Donny menjelaskan, seluruh institusi tersebut nantinya berada di bawah Badan Pengelola Pendidikan Kebangsaan yang dipimpin Gubernur URI. Lembaga itu akan membawahi Badan Pengelola Sekolah Unggulan, Badan Pengelola Perguruan Tinggi, dan Lembaga Administrasi Negara.
Dia mengatakan konsep URI terinspirasi dari lembaga pendidikan kepemimpinan di sejumlah negara, seperti École Nationale d'Administration (ENA) atau Institut National du Service Public (INSP) di Prancis.

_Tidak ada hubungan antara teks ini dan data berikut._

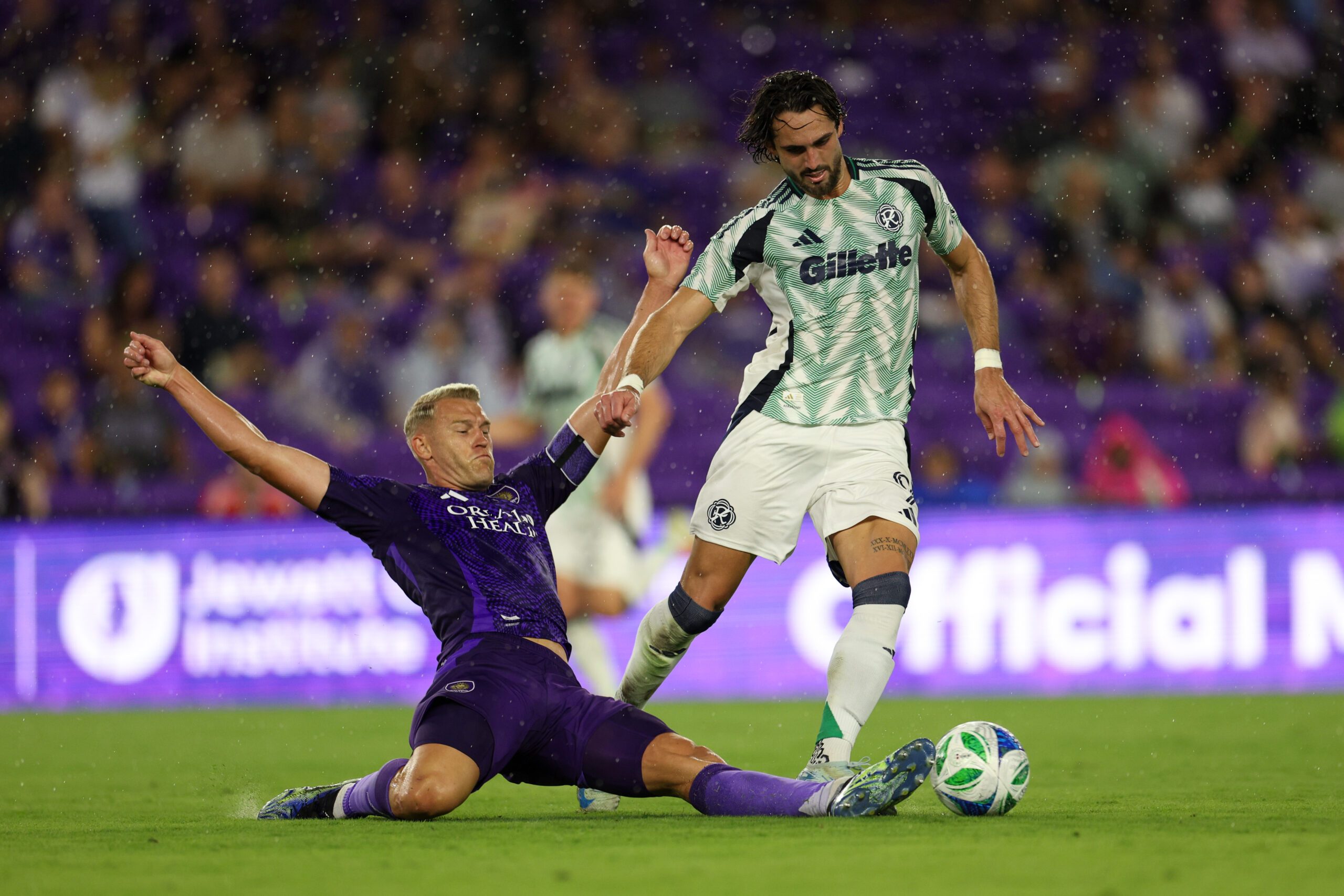 May 10, 2025; Orlando, Florida, USA; Orlando City defender Robin Jansson (6) tackles the ball past New England Revolution forward Leonardo Campana (9) in the first half at Inter&Co Stadium. Mandatory Credit: Nathan Ray Seebeck-Imagn Images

"Nah, ini diharapkan juga seperti itu juga, kita akan mendidik, melatih baik karakternya ataupun pemikirannya, managerial skill akan kita berikan penanaman kepada mereka sehingga akan bisa menjadi pemimpin di masa depan," katanya.
Donny memastikan pengelolaan URI akan tetap bersinergi dengan Kementerian Pendidikan Tinggi, Sains, dan Teknologi (Kemendiktisaintek) serta Kementerian Pendidikan Dasar dan Menengah (Kemendikdasmen).
"Saat ini yang melaksanakan, yang mengelola sekolah unggulan dan yang melaksanakan perguruan tinggi itu adalah di Kementerian Dikti. Nah nanti akan kita kelola supaya Kementerian Dikti juga bisa melaksanakan tugas fungsinya sesuai dengan ketentuan ya," ujarnya.